- [WHAT IS EXPECTED]: Below are records to print word for word; include none of their pictures.

Short text fragments from websites:
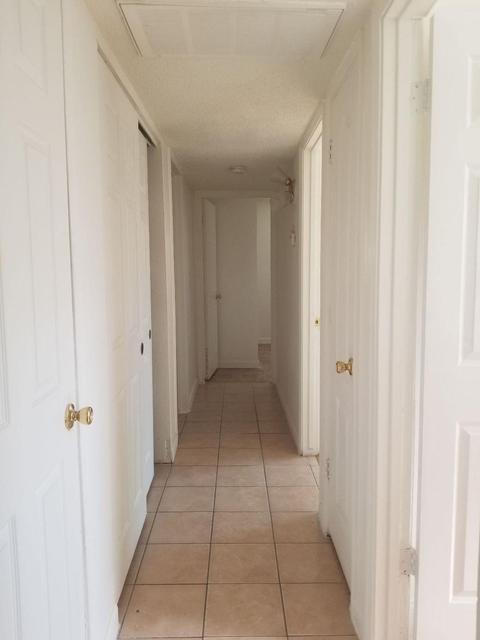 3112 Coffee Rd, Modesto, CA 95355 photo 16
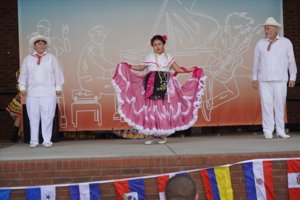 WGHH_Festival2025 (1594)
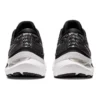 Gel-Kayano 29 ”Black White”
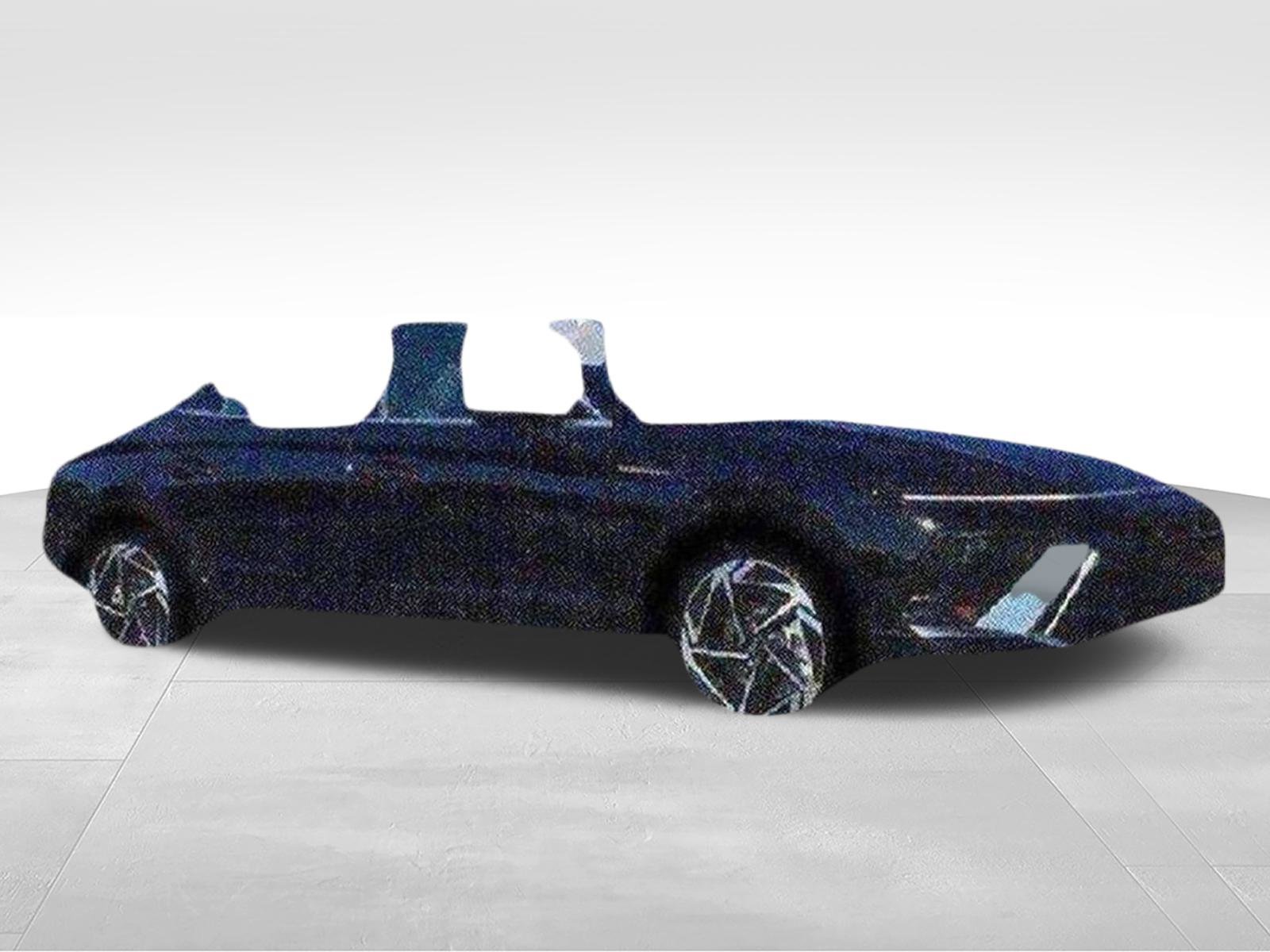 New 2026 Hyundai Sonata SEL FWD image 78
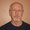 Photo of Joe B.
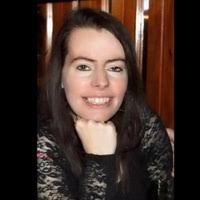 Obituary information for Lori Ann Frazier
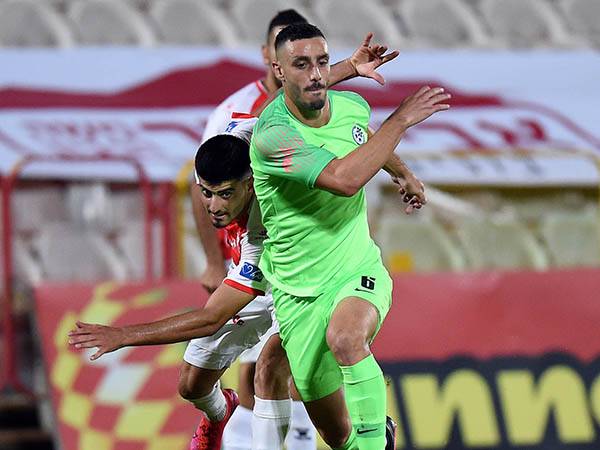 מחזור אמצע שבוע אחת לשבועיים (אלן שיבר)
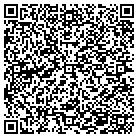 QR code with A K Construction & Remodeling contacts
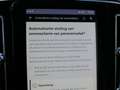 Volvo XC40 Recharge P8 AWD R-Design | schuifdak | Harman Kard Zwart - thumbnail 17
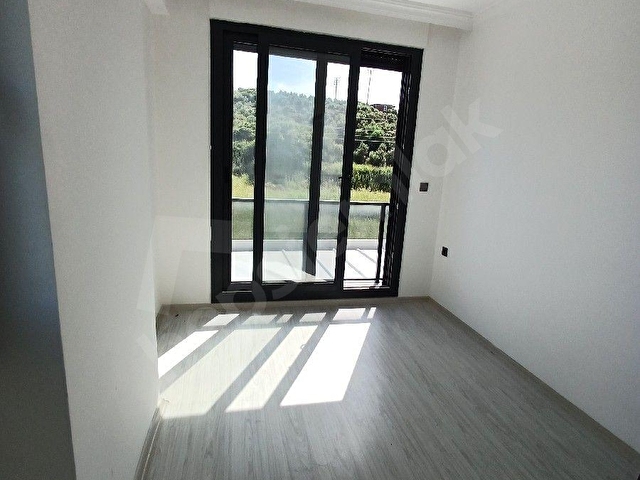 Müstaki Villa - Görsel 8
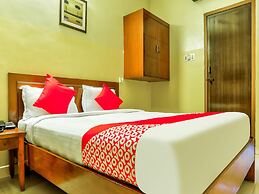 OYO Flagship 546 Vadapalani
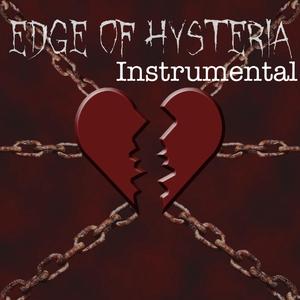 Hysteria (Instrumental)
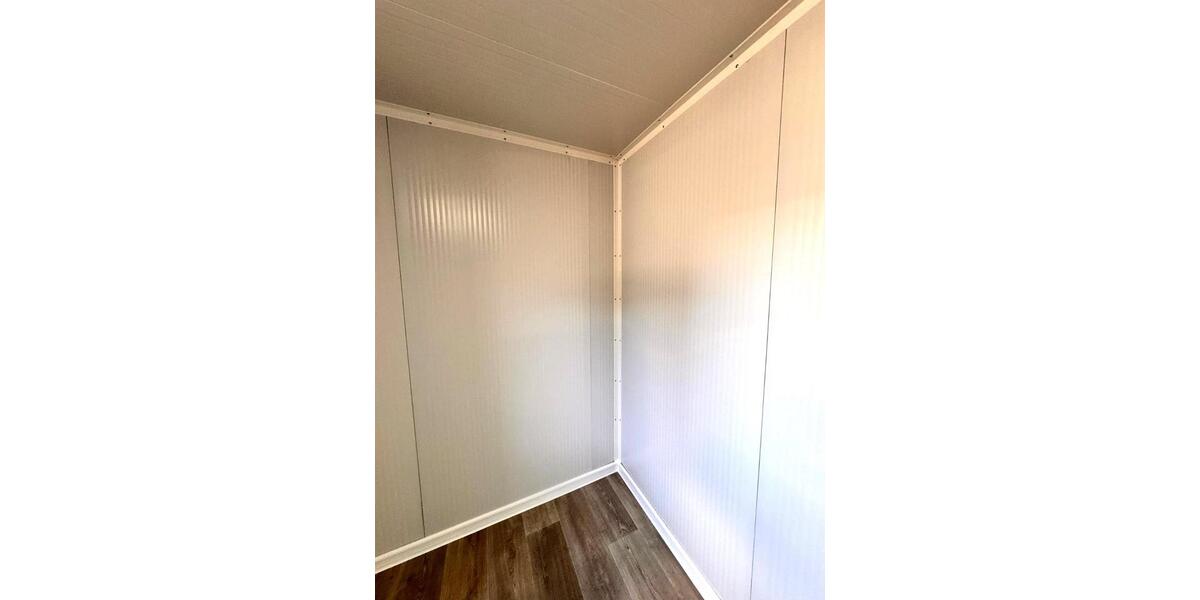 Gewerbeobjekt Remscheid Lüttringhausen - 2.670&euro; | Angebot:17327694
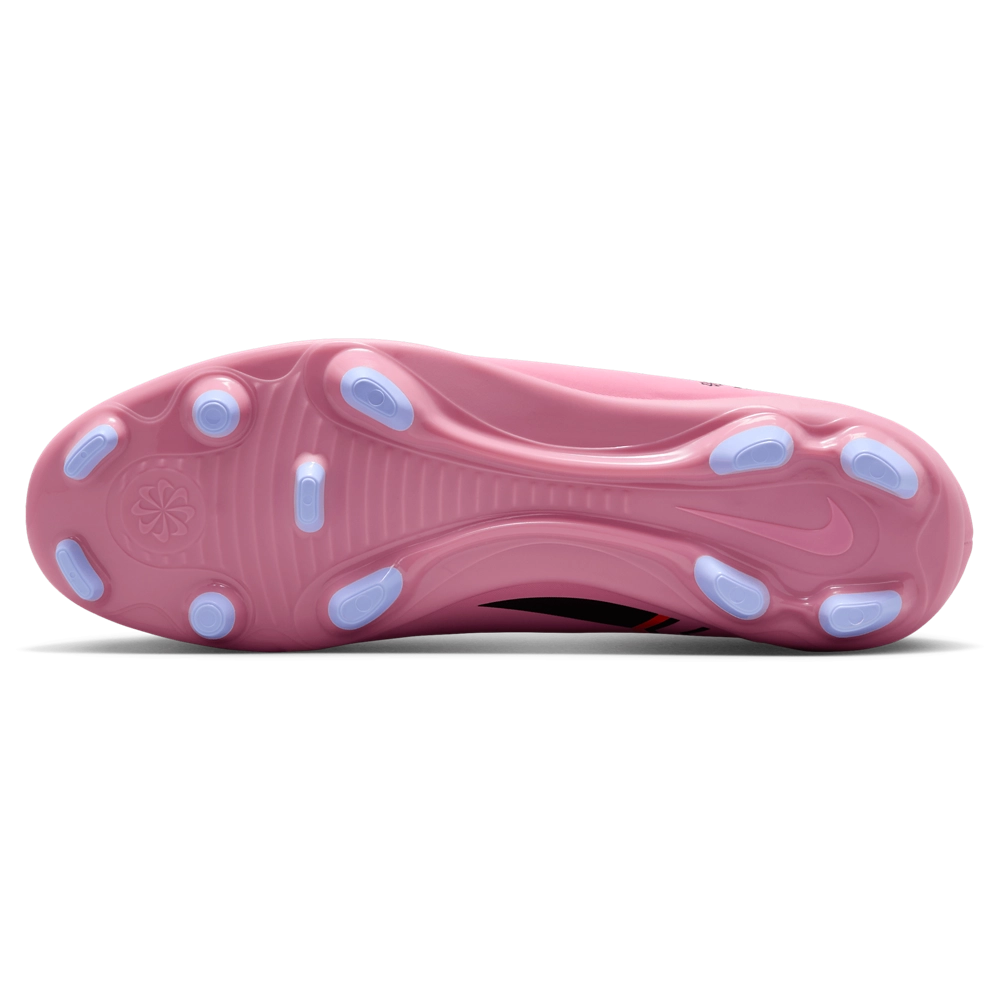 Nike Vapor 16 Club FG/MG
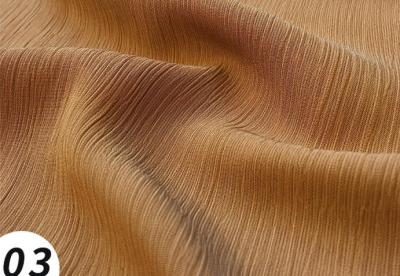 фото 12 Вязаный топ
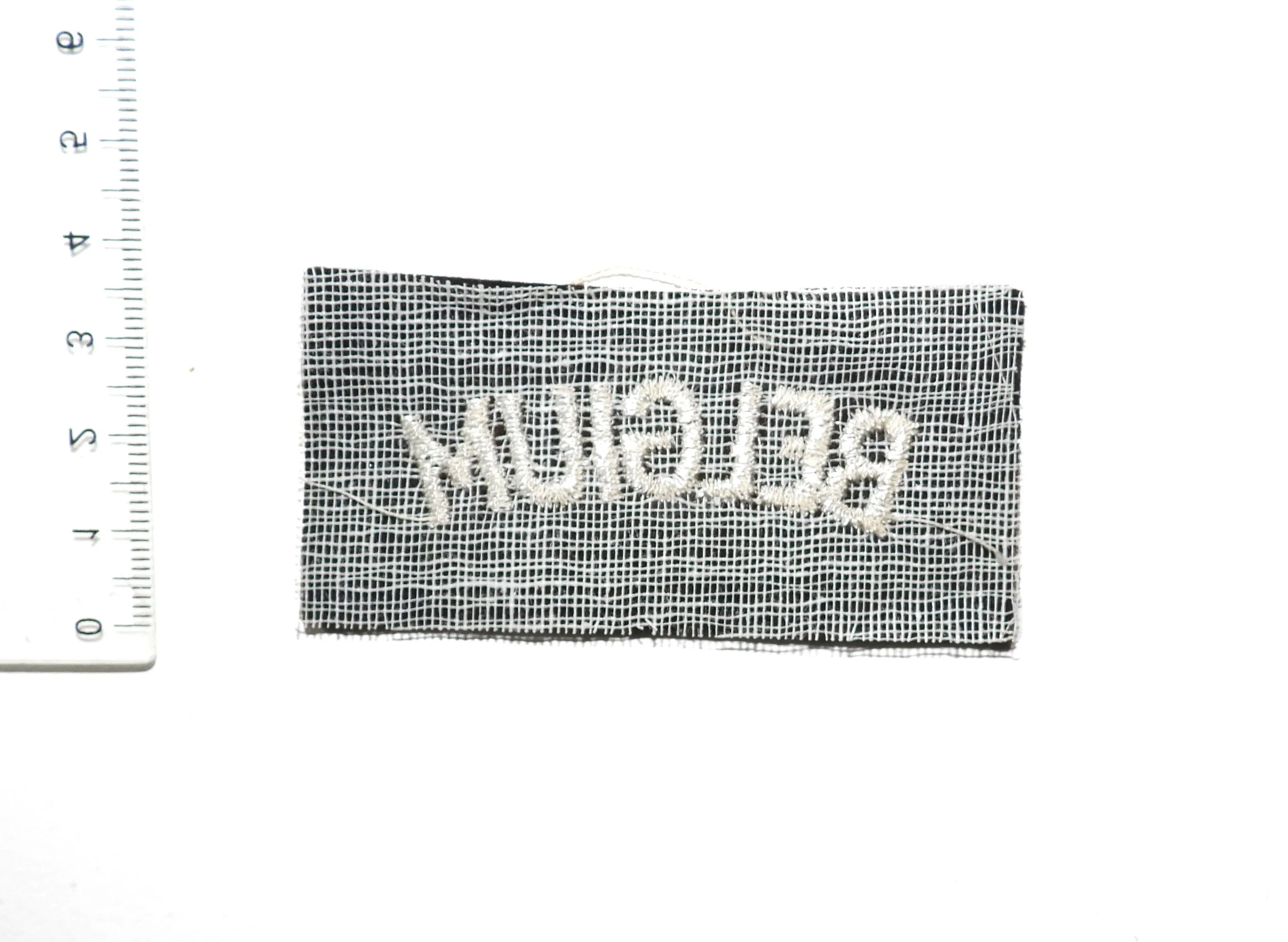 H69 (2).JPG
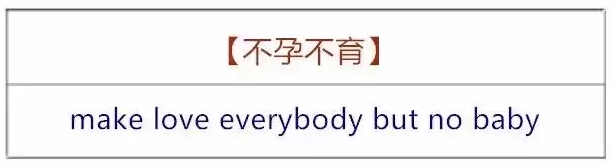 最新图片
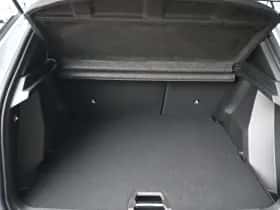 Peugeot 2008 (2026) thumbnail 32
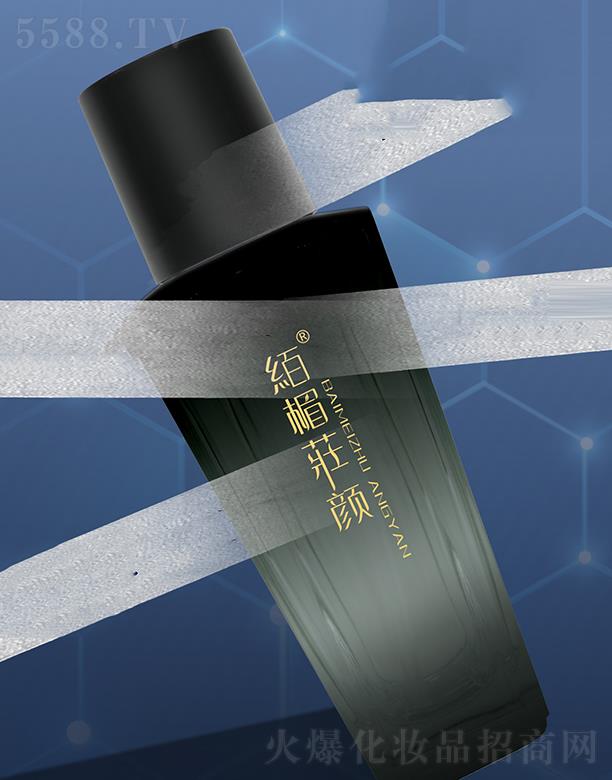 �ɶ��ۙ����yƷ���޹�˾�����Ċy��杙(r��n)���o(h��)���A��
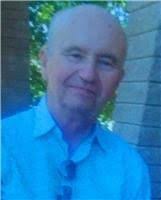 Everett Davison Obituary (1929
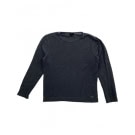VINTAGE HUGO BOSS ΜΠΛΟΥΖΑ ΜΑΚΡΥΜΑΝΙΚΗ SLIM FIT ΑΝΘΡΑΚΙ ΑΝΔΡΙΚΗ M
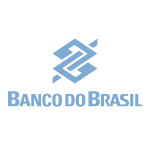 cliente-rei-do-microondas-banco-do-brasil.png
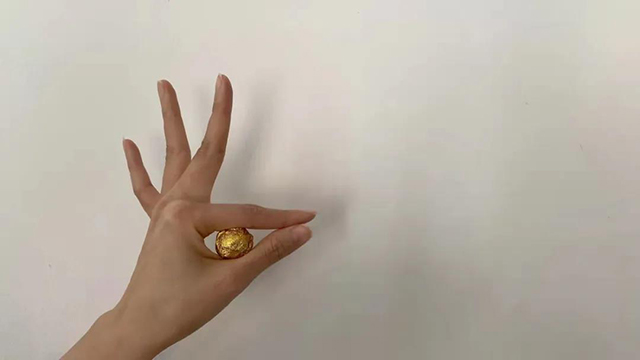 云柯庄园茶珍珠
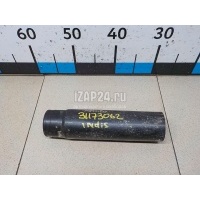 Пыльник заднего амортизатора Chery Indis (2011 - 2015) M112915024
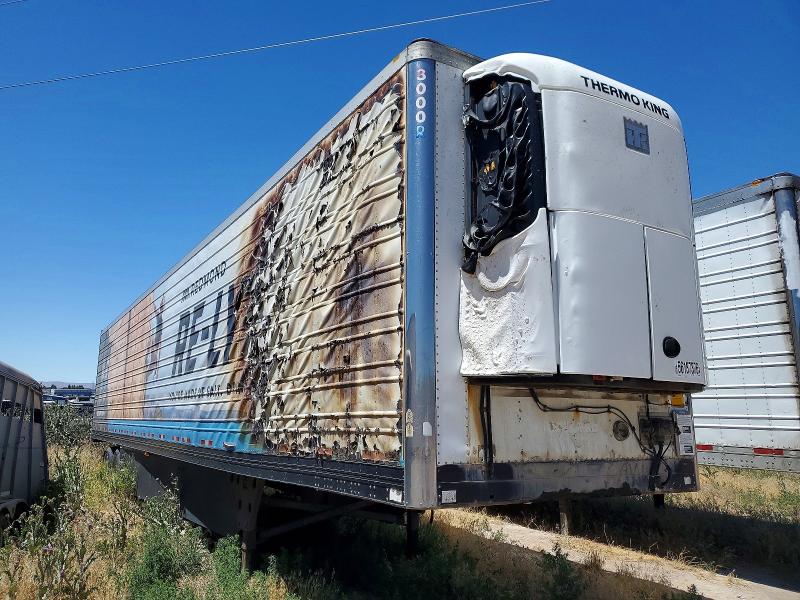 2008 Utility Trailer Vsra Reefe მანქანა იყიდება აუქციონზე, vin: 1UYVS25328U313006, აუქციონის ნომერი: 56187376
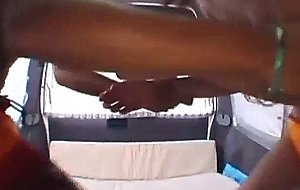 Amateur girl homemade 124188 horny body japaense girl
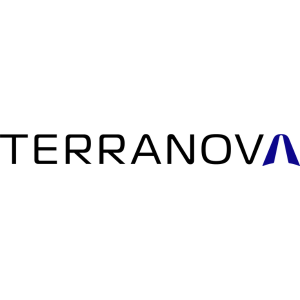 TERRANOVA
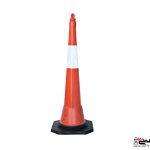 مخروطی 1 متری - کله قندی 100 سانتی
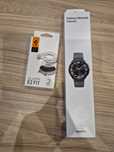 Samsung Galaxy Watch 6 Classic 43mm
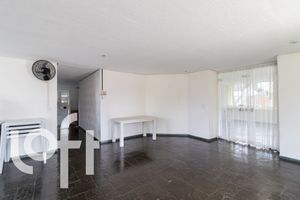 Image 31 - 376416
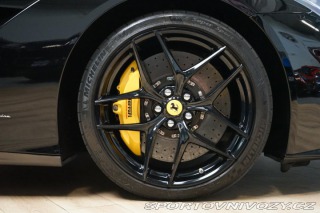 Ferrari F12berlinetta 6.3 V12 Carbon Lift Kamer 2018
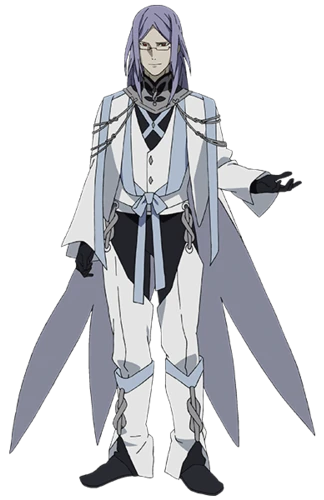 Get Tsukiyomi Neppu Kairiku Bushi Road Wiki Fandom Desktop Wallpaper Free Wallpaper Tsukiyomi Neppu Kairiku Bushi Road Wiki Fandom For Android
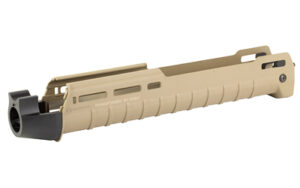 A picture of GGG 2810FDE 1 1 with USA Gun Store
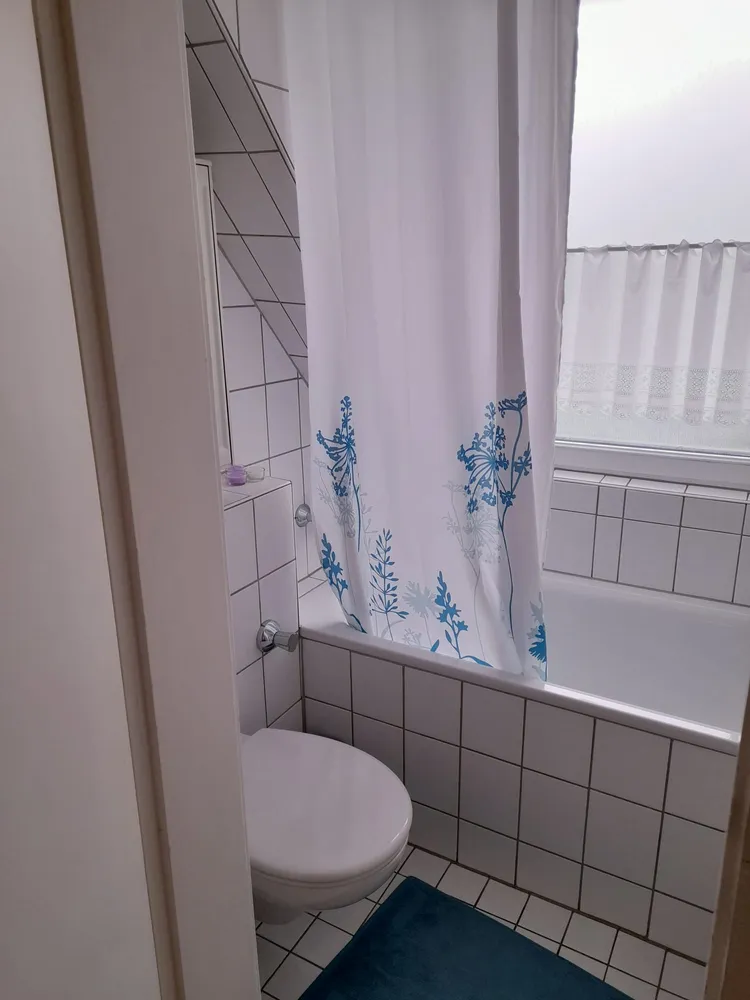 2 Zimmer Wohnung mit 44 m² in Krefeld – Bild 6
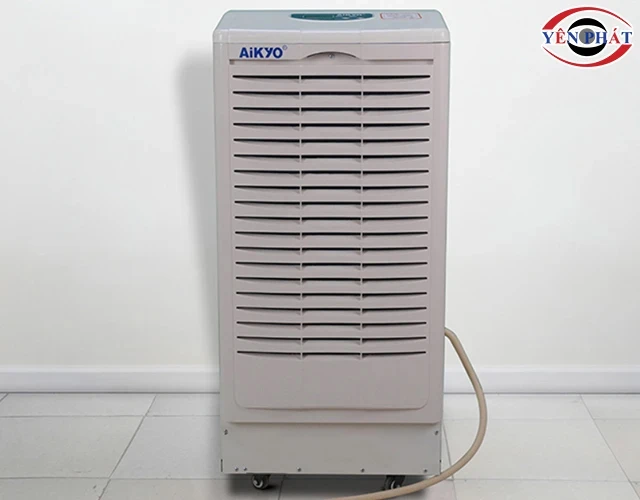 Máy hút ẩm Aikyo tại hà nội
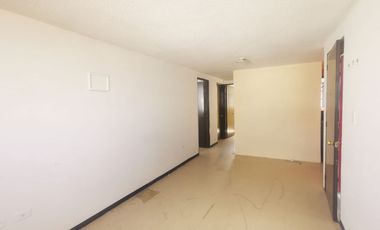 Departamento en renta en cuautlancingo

- [THE COMPLETED TASK]:
 3112 Coffee Rd, Modesto, CA 95355 photo 16
 WGHH_Festival2025 (1594)
 Gel-Kayano 29 ”Black White”
 New 2026 Hyundai Sonata SEL FWD image 78
 Photo of Joe B.
 Obituary information for Lori Ann Frazier
 מחזור אמצע שבוע אחת לשבועיים (אלן שיבר)
 QR code with A K Construction & Remodeling contacts
 Volvo XC40 Recharge P8 AWD R-Design | schuifdak | Harman Kard Zwart - thumbnail 17
 Müstaki Villa - Görsel 8
 OYO Flagship 546 Vadapalani
 Hysteria (Instrumental)
 Gewerbeobjekt Remscheid Lüttringhausen - 2.670&euro; | Angebot:17327694
 Nike Vapor 16 Club FG/MG
 фото 12 Вязаный топ
 H69 (2).JPG
 最新图片
 Peugeot 2008 (2026) thumbnail 32
 �ɶ��ۙ����yƷ���޹�˾�����Ċy��杙(r��n)���o(h��)���A��
 Everett Davison Obituary (1929
VINTAGE HUGO BOSS ΜΠΛΟΥΖΑ ΜΑΚΡΥΜΑΝΙΚΗ SLIM FIT ΑΝΘΡΑΚΙ ΑΝΔΡΙΚΗ M
 cliente-rei-do-microondas-banco-do-brasil.png
 云柯庄园茶珍珠
 Пыльник заднего амортизатора Chery Indis (2011 - 2015) M112915024
 2008 Utility Trailer Vsra Reefe მანქანა იყიდება აუქციონზე, vin: 1UYVS25328U313006, აუქციონის ნომერი: 56187376
 Amateur girl homemade 124188 horny body japaense girl
 TERRANOVA
 مخروطی 1 متری - کله قندی 100 سانتی
 Samsung Galaxy Watch 6 Classic 43mm
 Image 31 - 376416
 Ferrari F12berlinetta 6.3 V12 Carbon Lift Kamer 2018
 Get Tsukiyomi Neppu Kairiku Bushi Road Wiki Fandom Desktop Wallpaper Free Wallpaper Tsukiyomi Neppu Kairiku Bushi Road Wiki Fandom For Android
 A picture of GGG 2810FDE 1 1 with USA Gun Store
 2 Zimmer Wohnung mit 44 m² in Krefeld – Bild 6
 Máy hút ẩm Aikyo tại hà nội
 Departamento en renta en cuautlancingo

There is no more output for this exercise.